PGCon2016 - 20180510

PGCon 2016
The PostgreSQL Conference

Speakers
Alexander Korotkov
Schedule
Day Talks - Day 1 - 2016-05-19
Room DMS 1120
Start time 14:00
Duration 00:45
Info
ID 920
Event type Lecture
Track Hacking
Language used for presentation English

PostgreSQL extendability: Origins and new horizons

Towards pluggable storage engines

Postgres was initially designed to support access methods extendability. Well known citation about access methods in Postgres claims: "It is imperative that a user be able to construct new access methods to provide efficient access to instances of nontraditional base types" Michael Stonebraker, Jeff Anton, Michael Hirohama. Extendability in POSTGRES, IEEE Data Eng. Bull. 10 (2) pp.16-23, 1987

Initially, heap was just one of access methods as well as btree and hash indexes were. So, extendability of access methods implies pluggable storage engines support in modern terms. For now, only index access methods are defined in pg_am table of system catalog. Those index access methods also have well-defined interface. Therefore in order to meet initial design PostgreSQL need to support two features:

  • Pluggable index access methods, i.e. ability to implement new index types by adding new tuples to pg_am;
  • Pluggable storage engines, i.e. ability to implement completely different storages for tables without traditional heap.

Besides mechanical work like "CREATE ACCESS METHOD" command, extensible index access methods needs to be WAL-logged. For now, community doesn't want extensions to define their own WAL-records, because there is a chance to break both recovery and replication, and that is not acceptable. Another approach is to define generic WAL-records, that specify a difference between pages in generalized way.

There are only few DBMS which support pluggable storage engines now. MySQL is the most common example here. However, dealing with different storage engines in MySQL is like dealing with different DBMSes. This is not the way PostgreSQL should go in my view.
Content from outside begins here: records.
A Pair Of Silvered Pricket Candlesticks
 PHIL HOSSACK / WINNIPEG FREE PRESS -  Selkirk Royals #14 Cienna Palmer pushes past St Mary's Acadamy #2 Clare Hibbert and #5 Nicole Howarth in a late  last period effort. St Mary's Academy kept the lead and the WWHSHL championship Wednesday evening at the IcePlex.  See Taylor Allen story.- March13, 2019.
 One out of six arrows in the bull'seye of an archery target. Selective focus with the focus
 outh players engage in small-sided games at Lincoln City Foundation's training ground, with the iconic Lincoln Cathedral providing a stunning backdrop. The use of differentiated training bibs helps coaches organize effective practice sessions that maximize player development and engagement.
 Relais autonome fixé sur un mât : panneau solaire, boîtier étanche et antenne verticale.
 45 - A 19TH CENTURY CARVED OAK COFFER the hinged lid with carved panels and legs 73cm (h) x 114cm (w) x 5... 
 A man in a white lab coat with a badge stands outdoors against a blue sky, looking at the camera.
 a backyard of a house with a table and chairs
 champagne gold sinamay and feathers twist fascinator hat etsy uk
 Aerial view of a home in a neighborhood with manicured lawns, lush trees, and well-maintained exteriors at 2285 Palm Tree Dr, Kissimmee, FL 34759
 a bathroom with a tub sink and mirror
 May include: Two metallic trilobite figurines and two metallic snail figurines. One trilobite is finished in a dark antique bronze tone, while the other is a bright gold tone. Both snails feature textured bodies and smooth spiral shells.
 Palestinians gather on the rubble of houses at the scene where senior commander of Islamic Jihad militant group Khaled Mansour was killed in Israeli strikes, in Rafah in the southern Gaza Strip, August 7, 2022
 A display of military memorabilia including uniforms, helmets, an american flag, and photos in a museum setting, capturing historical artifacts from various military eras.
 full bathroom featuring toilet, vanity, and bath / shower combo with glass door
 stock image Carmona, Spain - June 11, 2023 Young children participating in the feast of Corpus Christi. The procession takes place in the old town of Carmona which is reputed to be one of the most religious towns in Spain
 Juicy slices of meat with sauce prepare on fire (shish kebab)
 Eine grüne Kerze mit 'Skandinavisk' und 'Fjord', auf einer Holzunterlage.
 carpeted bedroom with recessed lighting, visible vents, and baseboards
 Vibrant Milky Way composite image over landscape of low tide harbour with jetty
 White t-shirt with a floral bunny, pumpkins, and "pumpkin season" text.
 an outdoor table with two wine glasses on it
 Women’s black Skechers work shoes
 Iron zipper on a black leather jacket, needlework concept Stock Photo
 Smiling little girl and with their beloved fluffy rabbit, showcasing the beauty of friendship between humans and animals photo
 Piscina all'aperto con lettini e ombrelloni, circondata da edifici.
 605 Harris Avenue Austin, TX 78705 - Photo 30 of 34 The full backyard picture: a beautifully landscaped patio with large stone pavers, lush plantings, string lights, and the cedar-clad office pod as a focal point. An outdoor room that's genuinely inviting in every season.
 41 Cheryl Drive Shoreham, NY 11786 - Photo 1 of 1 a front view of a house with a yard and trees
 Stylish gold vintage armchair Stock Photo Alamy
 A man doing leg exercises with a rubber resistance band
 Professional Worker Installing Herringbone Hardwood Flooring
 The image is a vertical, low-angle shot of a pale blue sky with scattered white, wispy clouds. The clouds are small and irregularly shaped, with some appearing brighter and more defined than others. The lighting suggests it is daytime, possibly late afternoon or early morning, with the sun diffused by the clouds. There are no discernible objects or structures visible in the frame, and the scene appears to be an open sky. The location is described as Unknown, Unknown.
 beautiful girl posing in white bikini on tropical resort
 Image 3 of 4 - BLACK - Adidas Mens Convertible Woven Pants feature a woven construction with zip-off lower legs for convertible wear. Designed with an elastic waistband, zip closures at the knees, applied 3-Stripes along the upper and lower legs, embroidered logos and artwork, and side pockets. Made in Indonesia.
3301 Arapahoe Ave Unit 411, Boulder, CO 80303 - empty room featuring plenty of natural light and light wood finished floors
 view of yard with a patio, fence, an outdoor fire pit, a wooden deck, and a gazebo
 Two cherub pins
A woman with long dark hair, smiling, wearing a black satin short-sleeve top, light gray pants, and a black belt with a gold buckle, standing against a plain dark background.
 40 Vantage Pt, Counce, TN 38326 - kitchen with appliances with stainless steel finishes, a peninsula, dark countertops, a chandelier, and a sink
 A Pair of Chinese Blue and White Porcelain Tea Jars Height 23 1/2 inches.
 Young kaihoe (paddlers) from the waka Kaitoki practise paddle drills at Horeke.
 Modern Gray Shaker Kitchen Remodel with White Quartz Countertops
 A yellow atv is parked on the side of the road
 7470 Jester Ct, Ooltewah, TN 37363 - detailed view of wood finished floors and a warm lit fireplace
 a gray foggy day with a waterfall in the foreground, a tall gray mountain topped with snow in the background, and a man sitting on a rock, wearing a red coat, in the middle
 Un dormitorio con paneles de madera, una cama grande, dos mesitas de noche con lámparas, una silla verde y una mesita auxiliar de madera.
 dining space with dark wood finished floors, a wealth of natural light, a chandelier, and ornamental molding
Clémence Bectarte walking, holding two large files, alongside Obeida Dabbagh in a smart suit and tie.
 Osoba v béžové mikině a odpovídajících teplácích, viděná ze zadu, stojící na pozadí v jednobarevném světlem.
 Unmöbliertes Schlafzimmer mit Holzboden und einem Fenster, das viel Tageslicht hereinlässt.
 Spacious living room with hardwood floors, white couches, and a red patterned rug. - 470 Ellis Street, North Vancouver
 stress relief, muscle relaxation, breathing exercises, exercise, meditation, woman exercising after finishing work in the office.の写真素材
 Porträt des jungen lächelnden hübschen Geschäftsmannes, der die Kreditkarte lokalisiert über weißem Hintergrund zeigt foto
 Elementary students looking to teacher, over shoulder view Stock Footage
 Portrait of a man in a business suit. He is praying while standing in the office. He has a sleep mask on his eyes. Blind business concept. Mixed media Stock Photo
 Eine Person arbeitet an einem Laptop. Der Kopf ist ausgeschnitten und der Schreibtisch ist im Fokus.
However, now PostgreSQL users realize benefits from other storage engines. Ideas of columnar and in-memory storage engines for PostgreSQL are very popular. Simultaneously, technical possibilities to implement them are growing. Writable FDW and custom nodes are arrived. Generic WAL and extensible index access methods are pending for 9.6. Much work in the direction of pluggable storage engines is already done if even it had different aims.

It's time for PostgreSQL core developers to think about native support of pluggable storages without kludges. Finally, we should get "CREATE STORAGE ENGINE name ..." command as legal extendability mechanism.

In this talk I will show current state on pluggable index access method and design of pluggable storage engines.